No taxation without representation.
Many of these same protesting colonists, our Founding Fathers, maintained their same concern about an all-too-powerful federal government, and wrote a Constitution that permitted only the House -- the direct representatives of the American people -- to raise taxes or revenues. In a nation that valued freedom over the power of the state, it was supposed to be a big deal to raise taxes.
It still is, and it still should be. But for some in Washington, raising taxes is seen as no big deal.
With the passage of the "fiscal cliff deal" last month (which I opposed), 77 percent of all American households saw taxes on their incomes increase. Paychecks shrank for all workers as the Social Security tax holiday was not renewed. And, for many family farms and other small businesses, the president's tax increase agenda will hamper their abilities to hire new employees, invest in equipment, and pay for employees' health care. For the so-called tax on the rich pushed by Obama will trap many a Main Street business here in Kansas -- taxing more of their incomes now and more of their estates later.

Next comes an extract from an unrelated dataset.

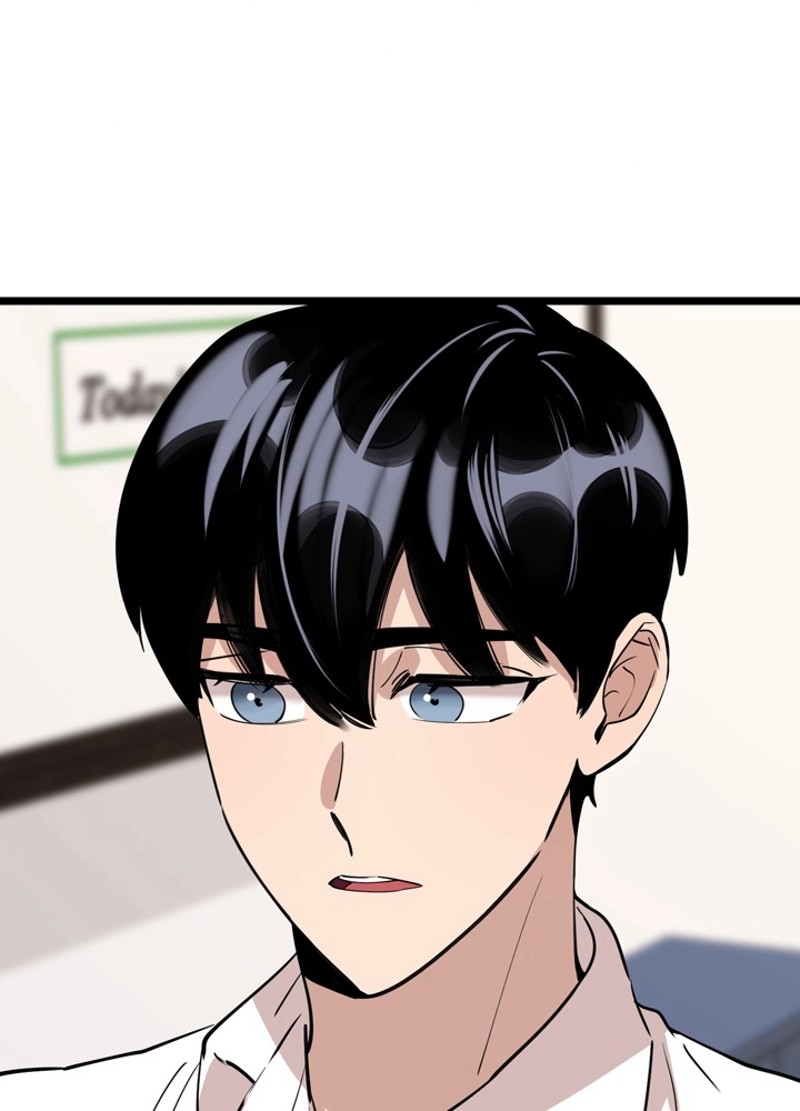 P66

This February marks the 100th anniversary of the ratification of the 16th Amendment, which allowed Congress to tax individual income directly. Except during the Civil War -- when an income tax was levied to pay for Union efforts -- taxes were not imposed on wages and earnings. In fact, prior to the 1913 Amendment, a flat income tax had not passed constitutional muster.
While it is unlikely that the 16th Amendment will be abandoned, there is no reason why we have to continue suffering under the current complicated and convoluted system. When it takes Americans more than six billion hours to prepare their taxes and at a cost to them of $168 billion, we have a problem. A tax code with four million words is destructive and full of danger: The complexity has negative economic impacts, is ripe for political favoritism and cronyism, and even an unintentional mistake may invite penalties and fines.
We can and must simplify the tax code to make it fairer, flatter, and smarter. Doing so not only lessens the burden on individuals, families and businesses, but might also address the challenges we have with revenue shortfalls. Make no mistake, the problem in Washington is still that we spend too much. But cleaning up a messy web of deductions, credits, exemptions -- and reducing the rates -- would certainly create a pro-growth economic environment that benefits everyone, not just large businesses like GE or billionaires such as Warren Buffett who can afford legions of lawyers and accountants to avoid taxes other Americans must pay.
Rep. Tim Huelskamp, R-Fowler and Hutchinson, represents the First District of Kansas. He serves on the House Small Business and Veterans' Affairs committees.